En una noche de farra de finales de los setenta, saliendo de un antro de madrugada alguien nos invitó a su casa para recibir el amanecer. Era en una buhardilla de un edificio aristocrático por el Madrid de los Austria cercano al Palacio Real. Tantos éramos, que lo que pesamos iba a ser el camarote de los hermanos Marx era un espléndido ático resuelto en interiorismo de loft mediante la unión de todas las zonas abuhardilladas del inmueble. La decoración se ajustaba al concepto minimalista, con muchos muebles de diseño de alta factura italiana y cuadros de la mejor vanguardia del momento. No obstante, lo que llamó mi atención fue la biblioteca de la casa, que era pródiga en títulos pero como se verá inexistentes, y la peculiaridad de que todas las obras encuadernadas en piel (calculando más de mil), combinando tomos en negro con rojos, en el lomo sólo aparecía un número sin atisbo alguno de título. Ante tanta racionalidad y elegancia en cuanto a la decoración por el anfitrión, extrañaba que la librería y sus volúmenes fuese una argucia decorativa. Efectivamente no lo era, y en cada tomo habitaba una obra y todas las que abrí, con coctelería de olor a tinta, papel y humedad de tiempo, de la mejor literatura, eso sí, en francés e ingles la mayoría de las que consulté y en ediciones, muchas de ellas del siglo XIX y otras como el Cuarteto de Durrell de avanzado el XX.
Tras tantos años, de aquella noche, recuerdo la sensación de abismo ante el vacío que me provocó, pese ya digo a su apabullante elegancia, la disposición numérica de aquellos libros revestidos de anonimato; la extrañeza que incomodaba la falta de brújula que guiara la búsqueda de un autor o título concreto y sobre todo la cosificación de toda aquella genialidad reducida a fría cifra como único marbete, en cierto modo sarcástico, de identificación.
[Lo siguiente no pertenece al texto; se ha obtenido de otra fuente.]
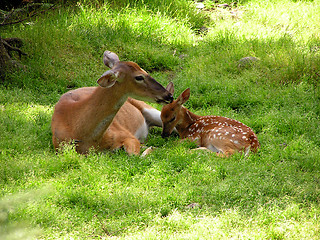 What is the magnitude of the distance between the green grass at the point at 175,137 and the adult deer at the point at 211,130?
251 mm

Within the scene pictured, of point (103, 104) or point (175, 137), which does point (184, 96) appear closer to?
point (175, 137)

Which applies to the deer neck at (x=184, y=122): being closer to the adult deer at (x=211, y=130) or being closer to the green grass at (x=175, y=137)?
the adult deer at (x=211, y=130)

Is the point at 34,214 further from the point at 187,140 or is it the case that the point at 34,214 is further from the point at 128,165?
the point at 187,140

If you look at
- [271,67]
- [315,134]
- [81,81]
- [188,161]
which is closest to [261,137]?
[315,134]

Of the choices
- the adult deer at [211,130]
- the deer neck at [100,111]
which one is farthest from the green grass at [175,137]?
the deer neck at [100,111]

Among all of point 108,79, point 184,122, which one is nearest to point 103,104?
point 108,79

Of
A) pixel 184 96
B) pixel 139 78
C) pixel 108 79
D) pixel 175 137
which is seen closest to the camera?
pixel 108 79

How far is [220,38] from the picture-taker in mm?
10664

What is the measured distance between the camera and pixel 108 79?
18.1 feet

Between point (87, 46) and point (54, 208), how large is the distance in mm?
6149

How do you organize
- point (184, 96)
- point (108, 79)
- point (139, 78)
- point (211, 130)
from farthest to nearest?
1. point (184, 96)
2. point (211, 130)
3. point (139, 78)
4. point (108, 79)

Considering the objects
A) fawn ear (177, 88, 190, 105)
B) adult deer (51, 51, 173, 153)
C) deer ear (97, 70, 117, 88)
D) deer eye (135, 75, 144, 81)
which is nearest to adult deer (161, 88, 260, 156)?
fawn ear (177, 88, 190, 105)

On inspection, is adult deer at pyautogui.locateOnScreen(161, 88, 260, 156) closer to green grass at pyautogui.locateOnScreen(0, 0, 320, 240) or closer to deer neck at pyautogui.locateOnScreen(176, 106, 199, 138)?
deer neck at pyautogui.locateOnScreen(176, 106, 199, 138)

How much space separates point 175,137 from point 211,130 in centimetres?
92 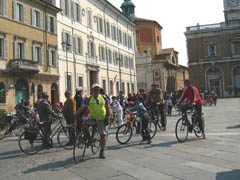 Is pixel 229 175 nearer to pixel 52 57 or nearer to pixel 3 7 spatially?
pixel 3 7

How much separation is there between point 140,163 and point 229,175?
2.02 meters

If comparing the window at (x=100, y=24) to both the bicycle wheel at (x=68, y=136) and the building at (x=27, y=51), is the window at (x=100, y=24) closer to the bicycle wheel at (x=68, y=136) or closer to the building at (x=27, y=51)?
the building at (x=27, y=51)

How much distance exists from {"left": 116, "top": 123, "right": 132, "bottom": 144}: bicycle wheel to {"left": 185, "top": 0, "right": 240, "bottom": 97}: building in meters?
47.4

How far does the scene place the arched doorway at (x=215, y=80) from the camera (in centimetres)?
5356

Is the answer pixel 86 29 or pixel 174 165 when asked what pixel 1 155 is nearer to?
pixel 174 165

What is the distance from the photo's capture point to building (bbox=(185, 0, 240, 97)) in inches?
2098

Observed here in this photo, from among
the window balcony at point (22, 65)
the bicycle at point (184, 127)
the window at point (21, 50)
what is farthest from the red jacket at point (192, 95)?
the window at point (21, 50)

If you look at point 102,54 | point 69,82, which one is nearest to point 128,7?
point 102,54

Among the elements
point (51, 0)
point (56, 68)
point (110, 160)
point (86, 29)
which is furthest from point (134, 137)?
point (86, 29)

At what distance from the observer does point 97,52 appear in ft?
124

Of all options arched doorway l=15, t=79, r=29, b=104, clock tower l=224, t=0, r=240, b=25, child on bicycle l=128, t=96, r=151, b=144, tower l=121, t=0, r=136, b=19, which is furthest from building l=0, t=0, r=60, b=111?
tower l=121, t=0, r=136, b=19

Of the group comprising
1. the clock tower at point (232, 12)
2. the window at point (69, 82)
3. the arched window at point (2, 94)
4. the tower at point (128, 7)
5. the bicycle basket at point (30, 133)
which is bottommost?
the bicycle basket at point (30, 133)

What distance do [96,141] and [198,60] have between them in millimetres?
51041

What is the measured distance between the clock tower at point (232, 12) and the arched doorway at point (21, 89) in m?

No recuerdo cómo acabo la noche, acaso tampoco fuese gloriosa como no lo es la costumbre, ni tan siquiera le pongo cara al anfitrión; pues no lo volví a ver más en aquel arrebato que entonces era la saturnalia de Madrid, y mucho menos regresé a esa casa; pero sí ese malestar producido ante aquel reduccionismo de la vida, en este caso de la obra literaria a número. Con el tiempo he intentado buscar alguna explicación o coartada al vacío de remite en aquellos tomos, desde el azar en lo electivo hasta jugar con el factor sorpresa al momento de emprender una lectura en lector algo enrevesado o ¿era un esnobismo que contaba para identificarlos con un archivo esclarecedor, sólo abierto al propietario, a aquel damero en rojo y negro que podría ser homenaje a la obra de Stendhal? En cualquier caso, el capricho arbitrario o no, la rareza exquisita o sofisticada o idiota de su propietario.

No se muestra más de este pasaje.